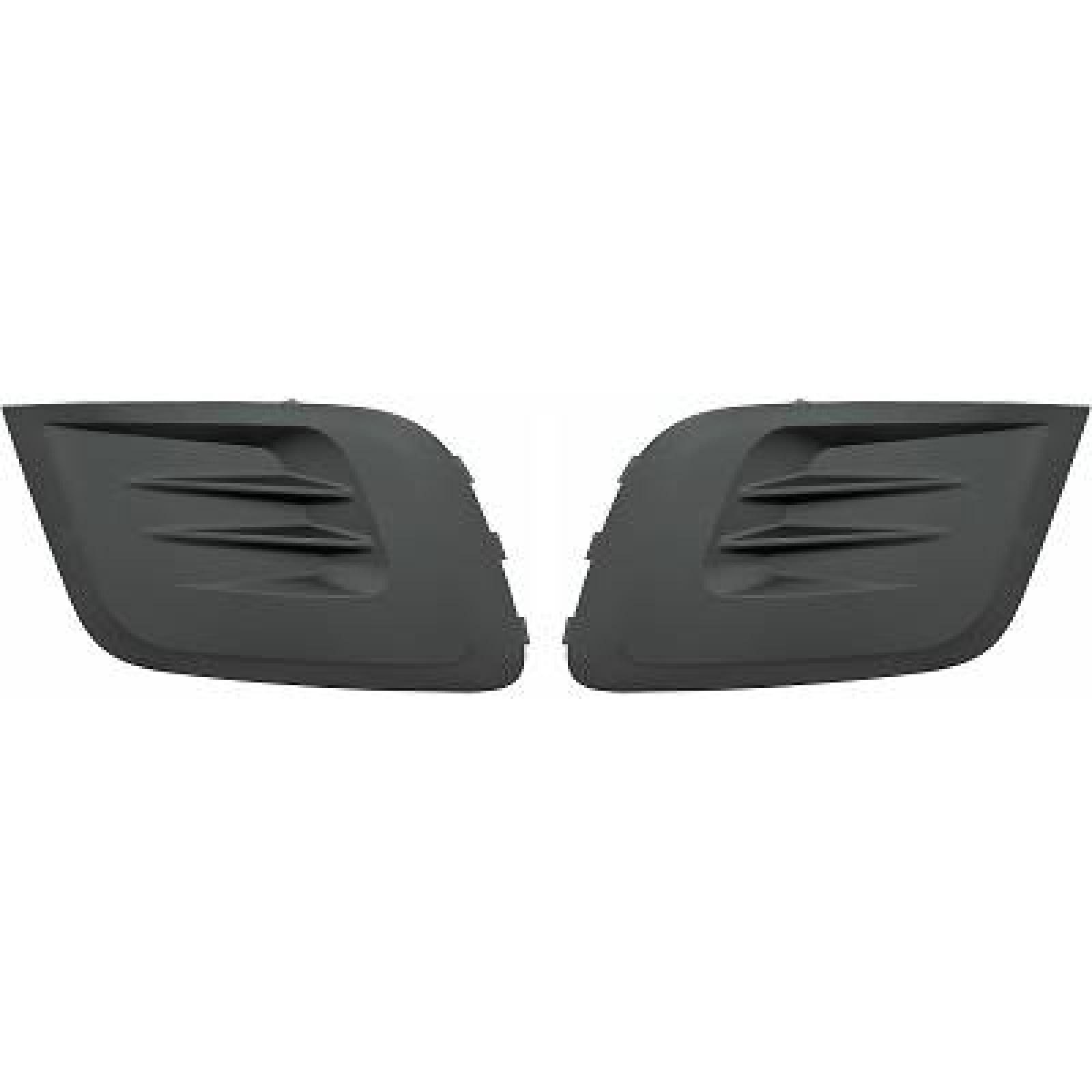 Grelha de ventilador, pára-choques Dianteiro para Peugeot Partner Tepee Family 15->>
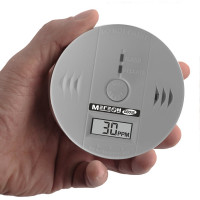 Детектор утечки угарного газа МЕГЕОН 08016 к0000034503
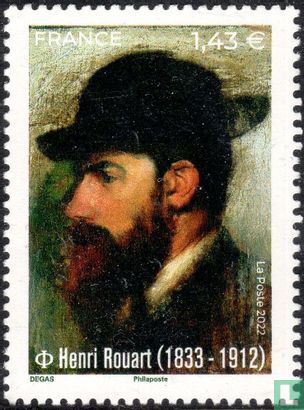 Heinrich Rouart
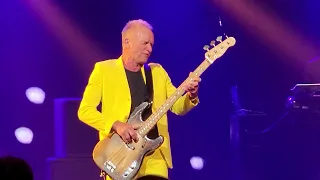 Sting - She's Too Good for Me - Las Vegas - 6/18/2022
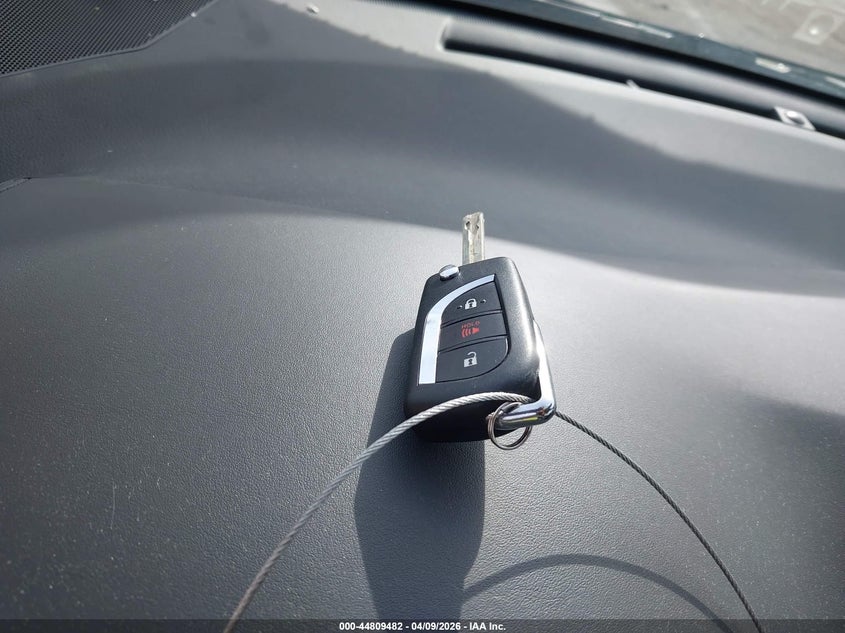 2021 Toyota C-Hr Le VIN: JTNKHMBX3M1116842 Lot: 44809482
........
GOAL OF THE EXERCISE |
The result should be every line of the data, reproduced exactly, with the images removed.

WRITTEN ANSWER |
 Grelha de ventilador, pára-choques Dianteiro para Peugeot Partner Tepee Family 15->>
 Детектор утечки угарного газа МЕГЕОН 08016 к0000034503
 Heinrich Rouart
 Sting - She's Too Good for Me - Las Vegas - 6/18/2022
 2021 Toyota C-Hr Le VIN: JTNKHMBX3M1116842 Lot: 44809482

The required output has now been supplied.